Use the frame pointer to keep track of local variables in memory.
Some variables will need to be allocated in memory. You can allocate
such variables in the stack frame of the called function. The frame
pointer register (%rbp
) can help you easily access these variables.
A typical setup for a function which allocates variables in the stack
frame would be something like
myFunc:
pushq %rbp /* save previous frame pointer */
subq $N, %rsp /* reserve space for local variable(s) */
movq %rsp, %rbp /* set up frame pointer */
/*
* implementation of function: local variables can be accessed
* relative to %rbp, e.g. 0(%rbp), 8(%rbp), etc.
*/
addq $N, %rsp /* deallocate space for local variable(s) */
popq %rbp /* restore previous frame pointer */
ret
The code above allocates N bytes of memory in the stack frame for local variables. Note that N needs to be a multiple of 16 to ensure correct stack pointer alignment. (Think about it!)
Use leaq
to compute addresses of local variables. It is likely
that one or more of your functions takes a pointer to a variable as
a parameter. When calling such a function, the leaq
instruction
provides a very convenient way to compute the address of a variable.
For example, let’s say we want to pass the address of a local variable
8 bytes offset from the frame pointer (%rbp
) as the first argument to
a function. We could load the address of this variable into the %rdi
register (used for the first function argument) using the instruction
leaq 8(%rbp), %rdi
Use local labels starting with .L
for flow control. As you implement
flow control (such as loops and decisions) in your program, you will
need to define labels for branch targets. You should use names starting
with .L
(period followed by capital L) for these labels.

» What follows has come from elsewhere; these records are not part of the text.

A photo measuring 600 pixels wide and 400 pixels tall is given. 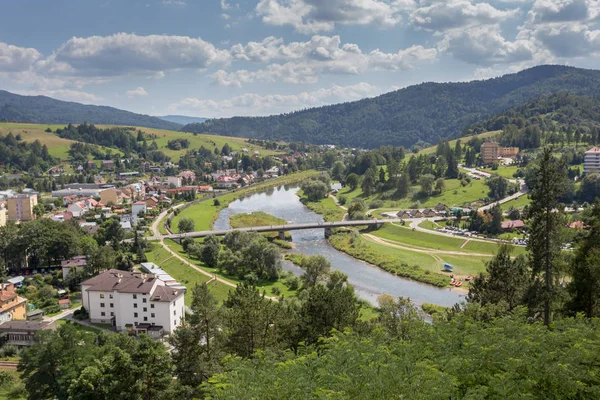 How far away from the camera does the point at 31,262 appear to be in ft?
200

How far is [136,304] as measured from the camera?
141ft

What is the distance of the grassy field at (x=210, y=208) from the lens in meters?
93.5

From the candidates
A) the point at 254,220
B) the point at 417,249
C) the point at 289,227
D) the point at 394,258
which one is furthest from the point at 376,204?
the point at 394,258

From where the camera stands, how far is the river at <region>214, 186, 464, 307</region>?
177 feet

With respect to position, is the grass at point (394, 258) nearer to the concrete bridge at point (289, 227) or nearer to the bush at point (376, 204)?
the concrete bridge at point (289, 227)

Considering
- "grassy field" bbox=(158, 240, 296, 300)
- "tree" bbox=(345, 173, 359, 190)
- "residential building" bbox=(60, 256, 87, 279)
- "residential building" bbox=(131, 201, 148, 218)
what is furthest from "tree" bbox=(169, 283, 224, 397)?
"tree" bbox=(345, 173, 359, 190)

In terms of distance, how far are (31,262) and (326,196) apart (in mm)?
75381

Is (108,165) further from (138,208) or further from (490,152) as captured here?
(490,152)

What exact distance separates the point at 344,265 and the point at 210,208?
52.0m

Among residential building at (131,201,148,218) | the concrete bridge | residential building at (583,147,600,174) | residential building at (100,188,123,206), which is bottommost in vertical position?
the concrete bridge

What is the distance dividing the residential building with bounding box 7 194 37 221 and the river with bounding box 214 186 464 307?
126 ft

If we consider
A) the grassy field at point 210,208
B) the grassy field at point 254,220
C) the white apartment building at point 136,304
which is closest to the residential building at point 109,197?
the grassy field at point 210,208

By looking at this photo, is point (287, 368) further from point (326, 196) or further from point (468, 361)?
point (326, 196)

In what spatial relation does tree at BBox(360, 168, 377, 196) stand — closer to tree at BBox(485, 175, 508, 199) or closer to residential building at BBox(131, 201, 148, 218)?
tree at BBox(485, 175, 508, 199) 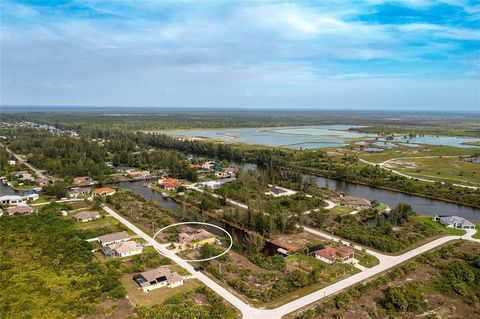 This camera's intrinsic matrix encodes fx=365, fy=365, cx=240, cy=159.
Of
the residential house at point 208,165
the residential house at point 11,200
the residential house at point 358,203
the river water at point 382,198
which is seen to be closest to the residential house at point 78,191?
the river water at point 382,198

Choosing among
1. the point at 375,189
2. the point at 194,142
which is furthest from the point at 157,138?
the point at 375,189

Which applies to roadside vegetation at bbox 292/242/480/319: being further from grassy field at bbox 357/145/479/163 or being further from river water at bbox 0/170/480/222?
grassy field at bbox 357/145/479/163

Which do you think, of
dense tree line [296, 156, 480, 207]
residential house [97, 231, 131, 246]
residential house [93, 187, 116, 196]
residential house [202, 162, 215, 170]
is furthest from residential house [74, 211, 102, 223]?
dense tree line [296, 156, 480, 207]

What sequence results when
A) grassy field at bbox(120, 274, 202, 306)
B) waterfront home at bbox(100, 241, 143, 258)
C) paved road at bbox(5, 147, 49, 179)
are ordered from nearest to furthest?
grassy field at bbox(120, 274, 202, 306) < waterfront home at bbox(100, 241, 143, 258) < paved road at bbox(5, 147, 49, 179)

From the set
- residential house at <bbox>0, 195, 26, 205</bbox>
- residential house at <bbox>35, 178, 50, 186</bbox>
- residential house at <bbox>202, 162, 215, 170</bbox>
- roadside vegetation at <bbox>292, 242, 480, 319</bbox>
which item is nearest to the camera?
roadside vegetation at <bbox>292, 242, 480, 319</bbox>

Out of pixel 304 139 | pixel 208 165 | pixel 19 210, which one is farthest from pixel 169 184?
pixel 304 139

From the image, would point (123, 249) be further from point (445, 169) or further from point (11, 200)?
point (445, 169)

This will
ensure that the assembler does not enter them into the symbol table as
function entry points, which will make debugging with gdb
difficult.
Here is an example assembly language function with local labels:
/*
* Find the first occurrence of a specified character value
* in a NUL-terminated character string.
*
* Parameters:
* s - pointer to a NUL-terminated character string
* c - character to search for
*
* Returns:
* pointer to first occurrence of the search character,
* or NULL if the character does not occur in the string
*/
.globl first_occur
first_occur:
subq $8, %rsp
mov %rdi, %rax /* set %rax to start of string */
.Lfirst_occur_loop:
cmpb $0, (%rax) /* NUL terminator reached? */
je .Lfirst_occur_not_found /* if so, search failed */
cmpb %sil, (%rax) /* found occurrence of character? */
je .Lfirst_occur_done /* if so, success */
inc %rax /* advance to next character */
jmp .Lfirst_occur_loop /* continue loop */
.Lfirst_occur_not_found:
movq $0, %rax /* return NULL pointer */
.Lfirst_occur_done:
addq $8, %rsp
ret
Note that the function above also illustrates what we consider to be an appropriate amount of detail for code comments.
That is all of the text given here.